This I Believe: Pineapple Belongs on Pizza

This I Believe: Pineapple Belongs on Pizza

Lilly Merritt

One summer day in Wilcox, when I was young and still wearing Cinderella dress-up clothes as casual everyday wear, my life changed forever. My mom and I walked into my grandad’s pizza shop on a dusty road in a town with nothing to do, where I proceeded to pull myself onto a chair, and was greeted by a fresh-baked pizza…topped with something I had never seen before. From that point on, pizza was never just tomato sauce and shredded cheese. It became a meal I looked forward to every Friday for “Pizza Night” at my dining room table.

I believe that pineapple was made for pizza. This love withholds valuable morals which accompany the belief that pizza is where pineapple belongs: standing for what you believe in;  being a leader, not a follower; and doing what makes you happiest despite the opinions of others.

Pizza and pineapple cater a tasteful combination between Brazilian and Italian cultures. The taste of juicy pineapple, tomato sauce, Italian cheeses, garlic, and oregano is one that only the most sophisticated tongues can appreciate. I would much prefer smelling an exotic blend of oven-baked fruit and cheese when I open an alluring grease-stained pizza box than one with mushrooms, olives, and ham.

When one ajars a pizza box, they are not just opening a cardboard platter, they are opening a delicate consolidation of cuisine history. When your nose takes its first smell, it is breathing in the anecdote of June 11, 1889, in which the noble Neapolitan pizza-maker,  Raffaele Esposito, created the first Pizza Margherita for Queen Margherita herself. When your lips taste the first bite, you are tasting a union of the United States first pizzeria, Lombardi’s, and the antiquity of Paraguay’s native fruit.

I believe that shamelessly enjoying pineapple on my pizza has contributed to who I am as a unique individual. I believe in the roast sessions I face for my preferred pizza toppings. I believe in being an inconvenience on family pizza night and making my parents divide my sister’s pepperoni pizza into half-pepperoni and half-pineapple. I believe in the amused looks that I get across the counter when ordering at every pizza joint.

I believe in coming together for something greater than a divide between our selection of pizza toppings, and that is coming to together for the love for pizza. Despite my fancy for pineapple toppings, I cannot deny that every pizza was created equal.

I believe that pineapple pizza is the best comfort food, and that no matter how many girls break my heart, pineapple pizza never will.
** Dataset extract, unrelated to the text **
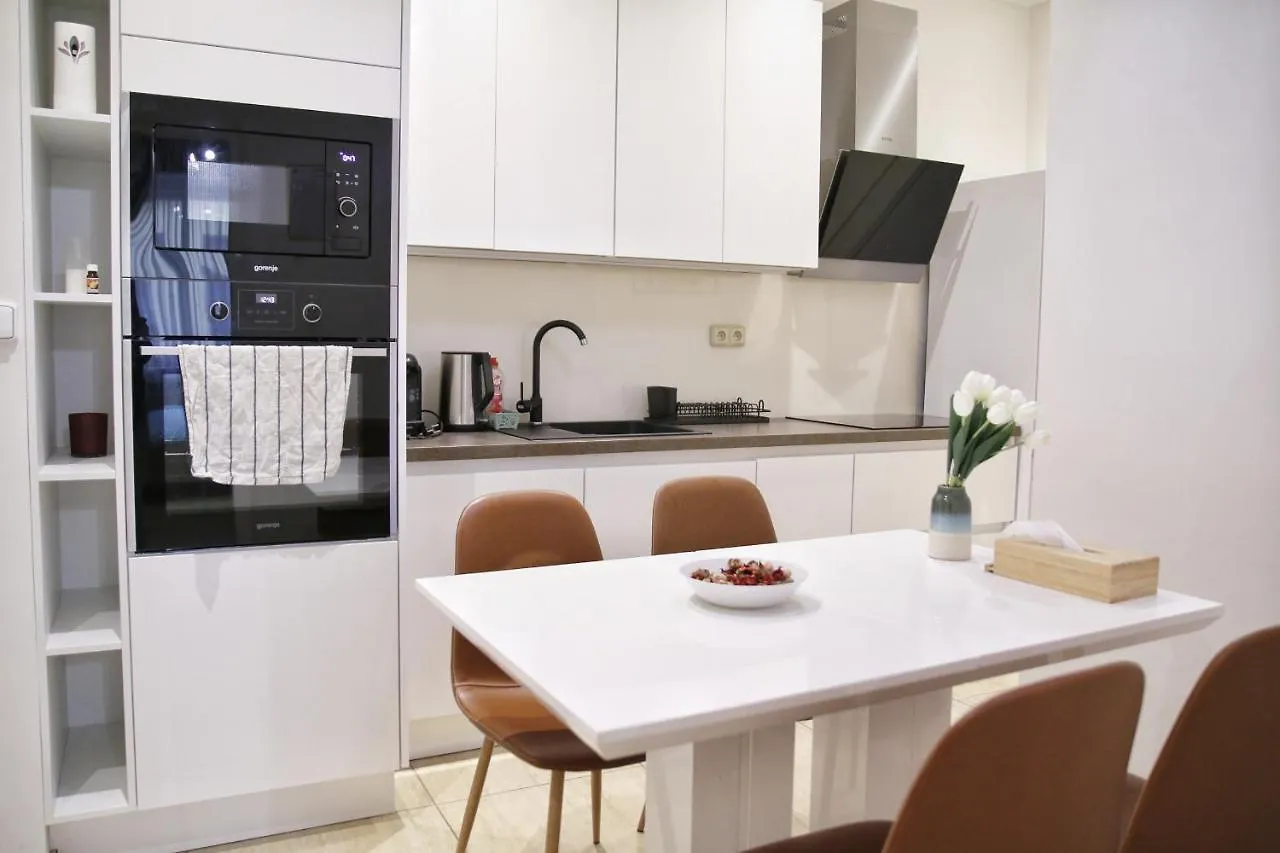 Heart Of Old Town Apartment By National Theater Prague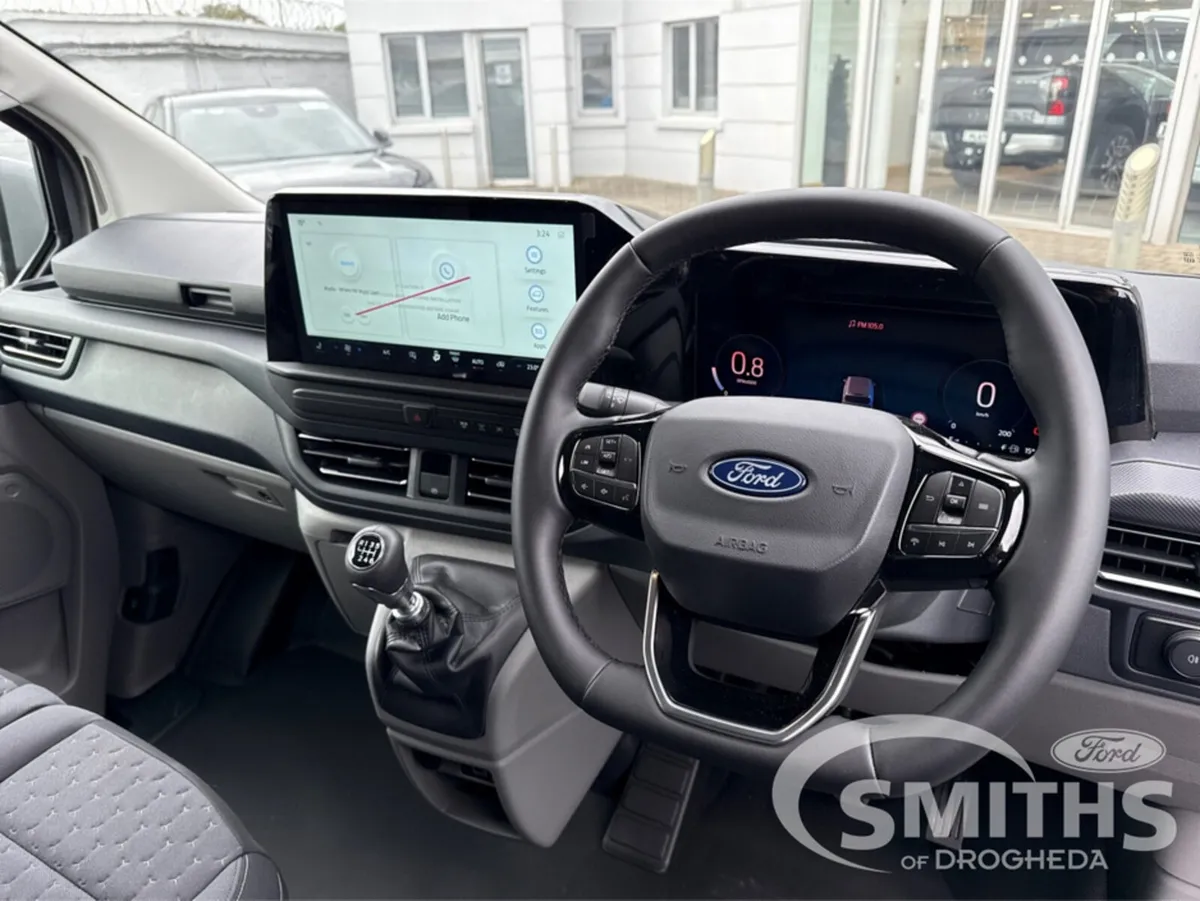 Ford Transit Custom LIMITED LWB 2.0 136PS - Image 2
I am certain that a Neapolitan pizza will never give me the contentment that a pineapple pizza does while I am crying, writing essays I put off until the last minute or over the ending of Sweet Home Alabama.

I believe in justifying that because I put a fruit on my pizza, it is a healthy and wholesome meal, containing every food group on the food pyramid in eight delicious slices that may be eaten for breakfast, lunch, or dinner.

Pineapple was made for pizza, this I believe.